Jay Ward did start out with General Mills. They did commercials for Lucky Charms, Trix and other such cereals. It was later on that they started doing the Quaker Oats commercials (Cap'n Crunch). For many years those Quaker Oats commercials were the only cartoons that they did (when they got fed up with censors, and the new wave of making a didactic slant more of a priority than a humorous slant, in kids' cartoons). They refused to bow to the new standards in cartoon series and let animated commercials be the extent of their endeavors in this field, for the last 17-18 years that their studio was open.
Greg also said the following about the role of the sponsors, in 50s/60s cartoon series:
In those days it was common practice for sponsors to "barter" a show; that's where the sponsors actually pay the costs of the show, add their commercials and give it to the networks who in turn sell the remaining time to other advertisers. The barter-sponsors then felt that they owned all appendages of the show.
(which would explain why Daws would have had problems being credited for voices on both Jay Ward and H-B's cartoons)
However, Greg went on to point out still more, about this, in Daws' case:
Daws' actions to not receive voice credit outside of the H-B cartoons were also his own actions, which demonstrated his loyalty to Bill and Joe........a loyalty which was truly exceptional. His talents, and his station in life, were, of course attributed to God.

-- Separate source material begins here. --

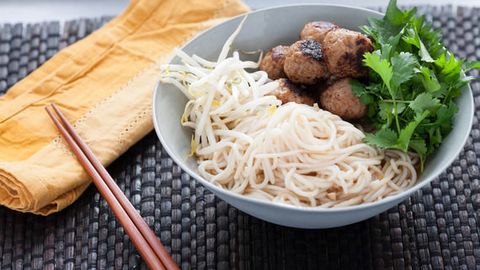 AQSh prezidenti Vyetnamda kechki ovqatga mashhur mahalliy taom “bun cha”ni tatib ko‘rdi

About Don Messick, whom I mentioned I met, when I took a tour of the H-B studio (Don Messick did the voices of Scooby-Doo, Ranger Smith, Boo-Boo Bear and Arnold the newspaper boy on the Flintstones, among others), Greg said:
Don was a very dear friend
(He died on October 24, 1997 of a stroke. Lest there be any doubt, Don never worked for Jay Ward Productions)
About my remarks:
The casting director, who arranged for me to visit, said that Daws Butler was still working for them (this was the year before he died). She said that someone had to read his lines to him, into a head set, and then he would repeat, what they said, into the mike. Since he had had a stroke, it took him a little longer, than it used to, to read the lines from his script, and digest them mentally. The director said that they did this for him, to help him out.

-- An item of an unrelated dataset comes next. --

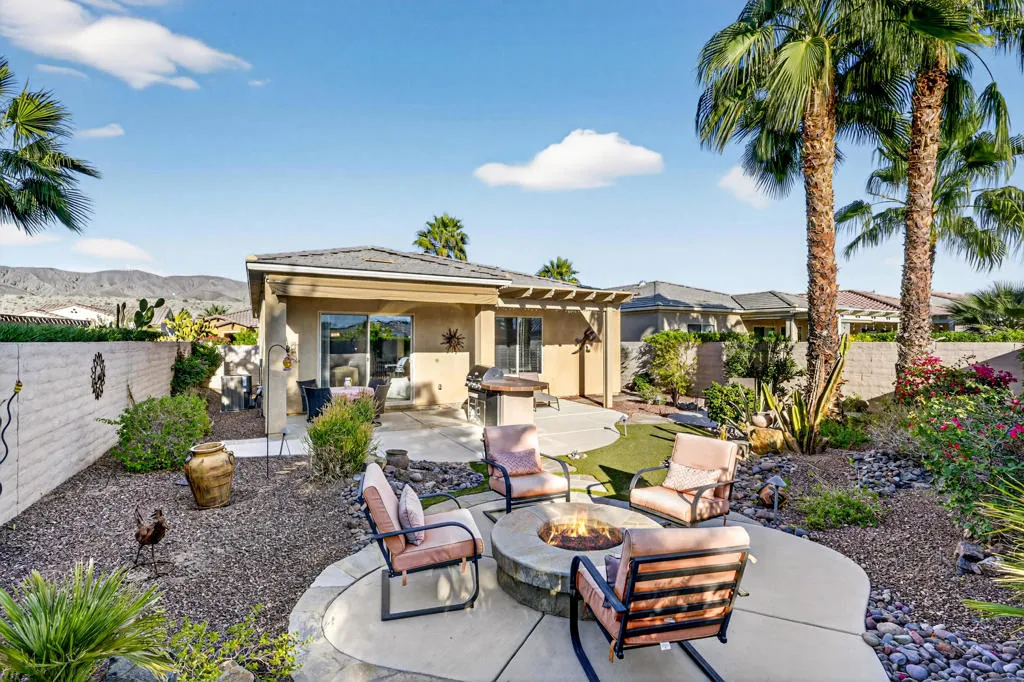 81581 Avenida Viesca, Indio, California 92203 home-pic-0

Gordon Hunt is a very smart director and knew the they just couldn't "bump" into another man with Daw's still radiating talent.
And about my remarks:
Why does Joe Barbera's email address have a competing studio name in the address (Warner Bros.)?

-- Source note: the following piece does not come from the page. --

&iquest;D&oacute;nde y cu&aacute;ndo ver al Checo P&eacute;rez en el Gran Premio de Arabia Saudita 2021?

Now that I think about it, he might have a different address; his office is physically in the Warner Bros. Animation building (formerly Robinson's dept. store, I think they occupy the lingerie section). The reason H-B and WB are in the same building is, AOL-TIME WARNER is now H-B's owner.
After a number of years of "ping-ponging" from one holding company to another, Joe stated " Finally, we once again answer to fellow animators."